Unfortunately, the network is not laying out a lot of money.
USA Network lost WWE’s main attraction, Monday night prime time matches, to Spike TV in 2000. But with WWE’s ratings fading on Spike, which has found the off-network rights to CBS hit CSI a more reliable investment, new Spike President Doug Herzog is not pursuing a new deal with WWE Chairman McMahon, though he does have the right to match any USA offer. (USA Network would not comment on the negotiations, and a WWE spokesman could not be reached.)

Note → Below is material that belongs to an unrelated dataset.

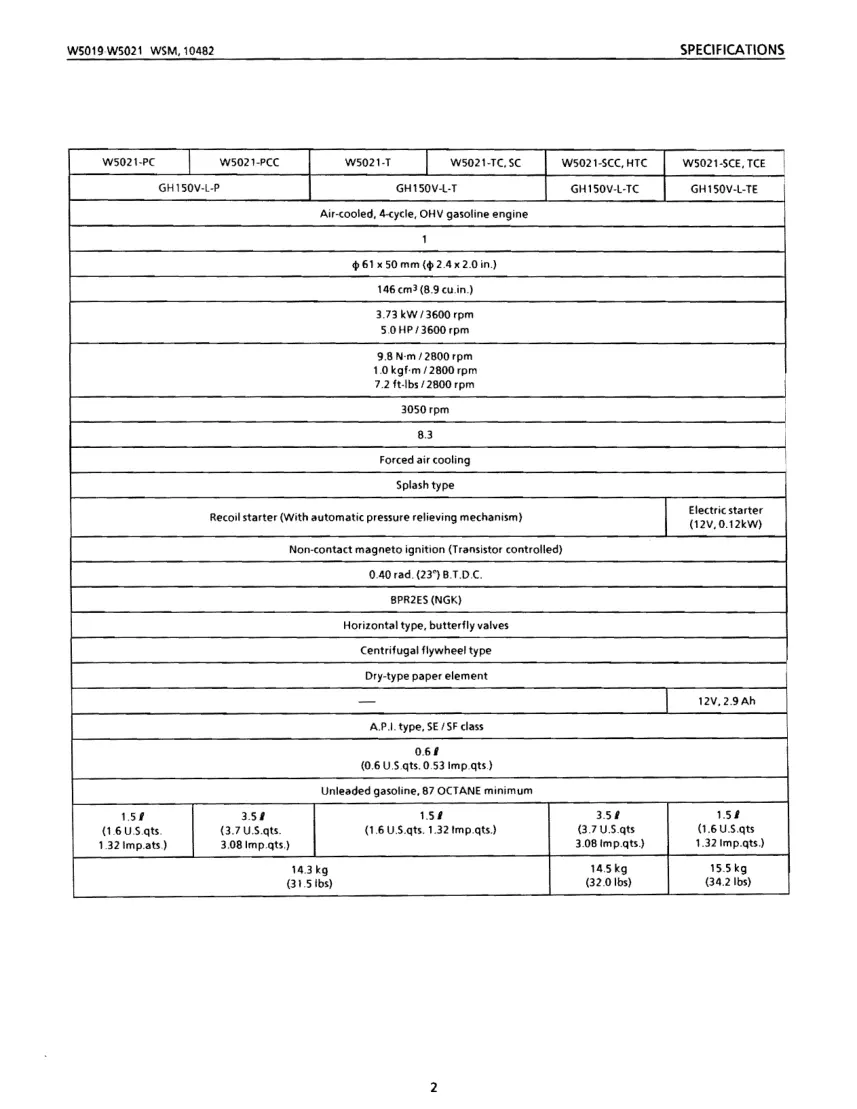 Kubota W5019 W5021 Walk Behind Mower Service & Repair Manual preview page 5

SEC filings show that WWE was collecting $31 million annually from Spike TV, but WWE sold the ad time itself. Industry executives say that USA isn’t offering any big hike in the fee, instead relying on deal sweeteners, such as matches carried on NBC U’s Telemundo Spanish-language network; wrestling specials on NBC; and wrestling-based attractions and promotions at Universal’s theme parks.
When USA Network lost the rights five years ago, Spike offered its own enticements, including a plan to publish wrestling books and schedule a wrestling-based reality show on Viacom sibling MTV. But Spike also tripled WWE’s license fee.
WWE isn’t quite the treasure it was back then, when USA Network rushed to court to try to stop Spike (then called TNN). Ratings are down by almost half, from a peak Nielsen household rating of 6.0 to 3.4 today.
However, the Monday matches remain one of the biggest draws on cable and are a magnet for young male viewers, so rasslin’s hardly on the ropes.